The bottom line from Clary's perspective is that many of these games are designed by guys for guys. They're not going to care about realism — they only want it to be fun. That's not to say that pregnancy in a video game couldn't be fun; Clary said she could see women who play World of Warcraft wanting to get their characters pregnant just because of all the time and energy they invest into the character.

"There'd be a point to games doing this," she said, "but whether I think they can do it well or do it accurately or make it something that both men and women would be interested in… I'm kind of doubtful, honestly."

What can we look forward to in games that will feature pregnancy? Well, MJ Chun says to expect more of the same from Sims 3, plus some interesting new ideas.

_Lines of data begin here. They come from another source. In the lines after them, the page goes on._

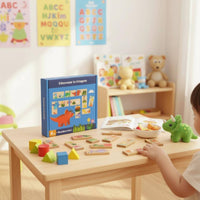 Dinosaur Tile Game off-Screen Activity Play Dinosaur Matching Toy Concentration Skills Wooden Tile Game for Little Ones, Preschool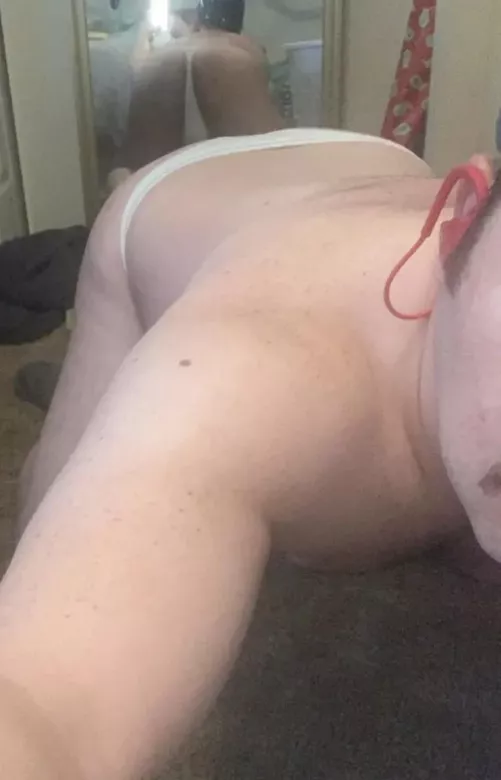 Cub in white thong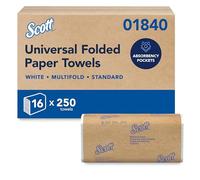 Scott Essential Multifold Paper Towels (01840) with Fast-Drying Absorbency Pockets, White, 250 Count (Pack of 16)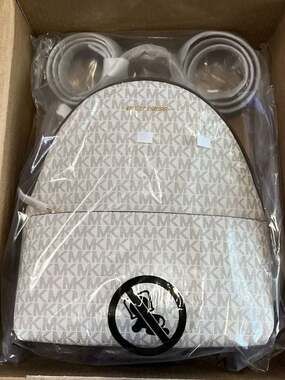 Michael Kors Sheila Medium Logo Backpack in Vanilla MK Signature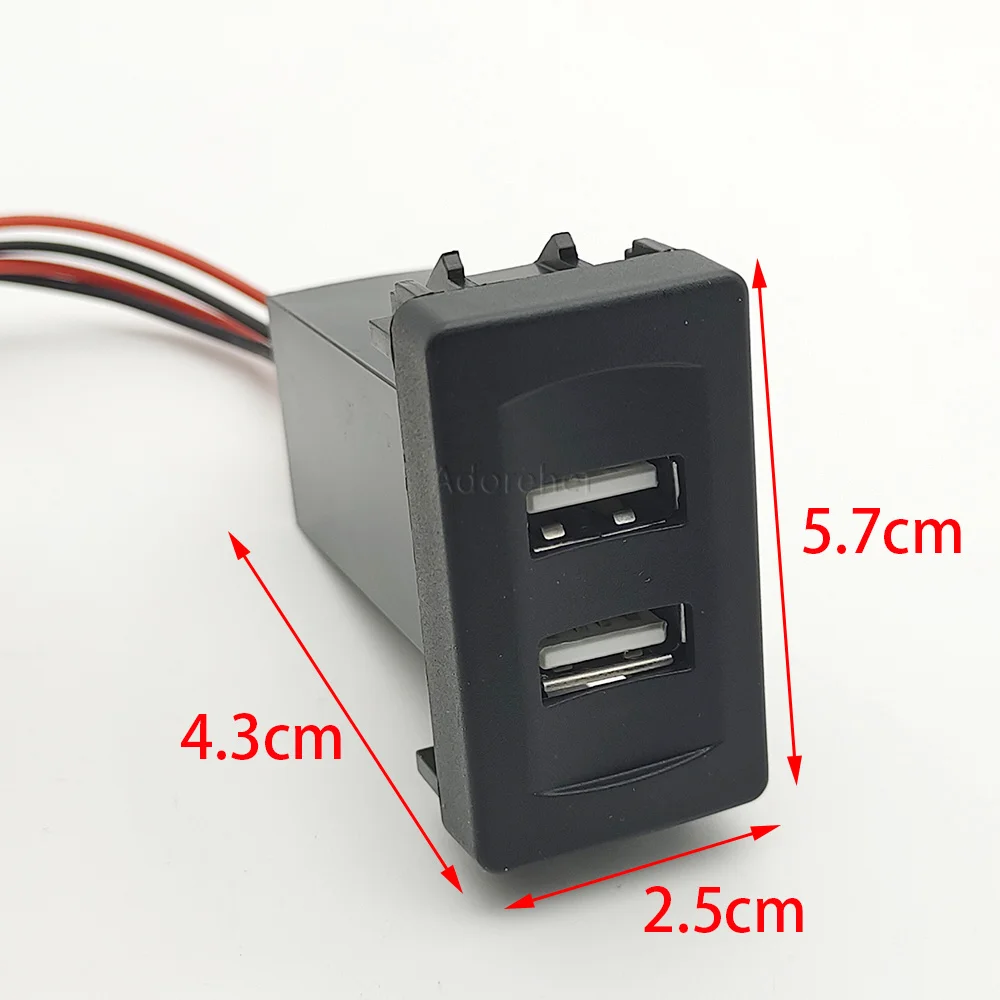 1PC Blue/Red LED Dual USB QC3.0 Modified Car Charger Dashboard Mount Socket Adapter Fit For VW Transport T4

According to Chun, players can now take their sim to the hospital when she goes into labor, or they can just make Mom stay home and have the baby the ol' fashioned way. Expecting mothers are not house-bound however, the way they were in The Sims 2. "Moms can lead a full life and go visit the library, visit their neighbors, go to the beach or even catch a movie," Chun said. "They [still] get maternity leave so they don't have to go to work."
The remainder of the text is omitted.